I’d barely sat down in the waiting room before my name was called and I was taken through to a cubicle for my initial assessment. The Physio was lovely; she had taken the time to look up Still’s Disease so that she could be better informed as to the best way to approach my rehabilitation. After some further questions into my background history and this particular flare up, she checked each joint’s mobility: my neck is almost normal and I think that is thanks to the home exercises as a large chunk of those are neck-based; my arms are a lot better than they were, but to her must have seemed quite bad because she said we needed to work on the range of movement I have, especially lifting/raising; my knees are moving better but there is a lot of muscle weakness and wastage in my upper legs, which is going to take a long time to recover; my hips, again, seem much better to me, but she said they were quite restricted mobility and strength-wise.  Assessing my walking on the crutches, she commented that I looked to be really struggling and quite wobbly; she suggested I might be better in a wheelchair for now, or using the zimmer frame for a while longer, but I told her I was managing.
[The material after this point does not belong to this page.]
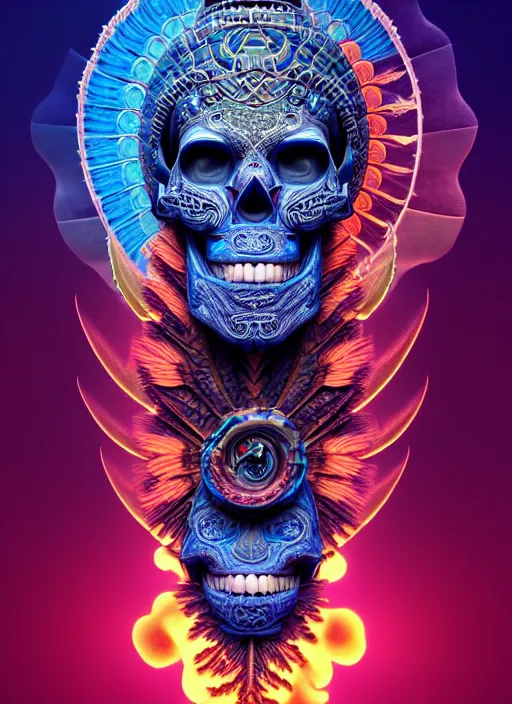 Image similar to 3 d shaman with tattoos profile portrait, sigma 5 0 0 mm f / 5. beautiful intricate highly detailed quetzalcoatl skull and feathers. bioluminescent, plasma, lava, ice, water, wind, creature, thunderstorm! artwork by tooth wu and wlop and beeple and greg rutkowski, 8 k trending on artstation,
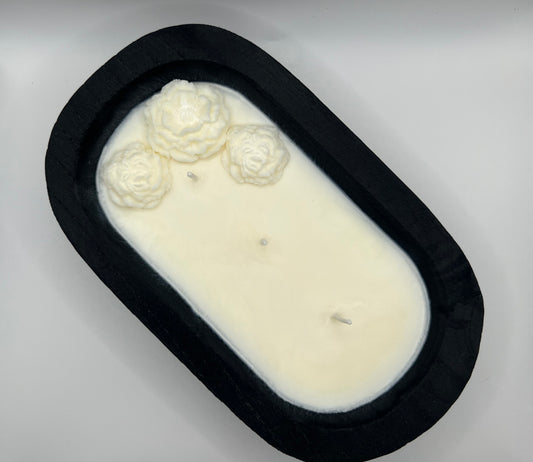 Wooden Dough Bowl Candle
I felt a little bit disappointed that her impression was that I was still in a bad way; but then she can’t compare to how I was when I came out of hospital and just how far I’ve come since then. At least I have that knowledge and the belief that some of this improvement is down to keeping up with the physio at home, so this next level of physio should help even more. Walking-wise, I have been taking things very slowly and it has taken a long time to get to this point; it’s only the past week or so that I have moved onto using the crutches as much as I have. Maybe I’m being stubborn, but I think it would be a shame to go back to the wheelchair and zimmer. I admit my legs are wobbly right now, but I’m sure it’s just due to doing so much this week; I’ll give myself a break tomorrow and take it easier at every opportunity I have.

Anyway, back to the appointment. The Physio decided that, because I’m struggling so much with my mobility ‘on land’ (ahoy!) right now, the best thing to start with would be Hydrotherapy, which is exactly what I’d been hoping for.  She invited me to a class that runs specifically for women with Rheumatological conditions and introduced me to the physio that runs it. It sounds like quite a large Hydrotherapy pool (as opposed to my old Hydro’s ‘tin bath’), and each person gets their own guidance and exercise regime while you’re in there. She explained that her aim would be to build the strength in my legs and get me to a point where I could walk unassisted in the water, which is easier than on land. Once I reach this point, then I can return to the regular physio to carry on this strength-building and start the process of trying to walk unassisted on land, using parallel bars etc.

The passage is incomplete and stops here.